Reproduce the listing below from the line with "Daranee Boontos profile icon" to the line with "BOTTLES OF SUNNAH NYC, INC.", both lines included, character for character, minus any pictures.

- [Provided data]
☆ ☆ ☆ ☆
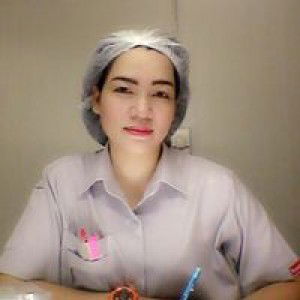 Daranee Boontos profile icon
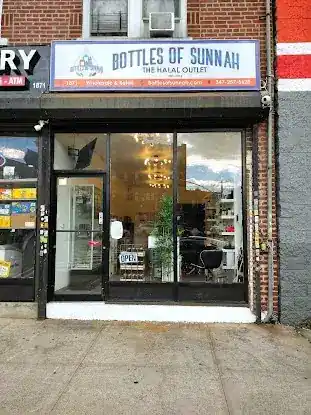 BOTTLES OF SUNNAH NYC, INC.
☆ ☆ ☆ ☆
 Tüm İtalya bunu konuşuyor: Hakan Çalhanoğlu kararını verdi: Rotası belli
☆ ☆ ☆ ☆
- [Result of the exercise]
 Daranee Boontos profile icon
 BOTTLES OF SUNNAH NYC, INC.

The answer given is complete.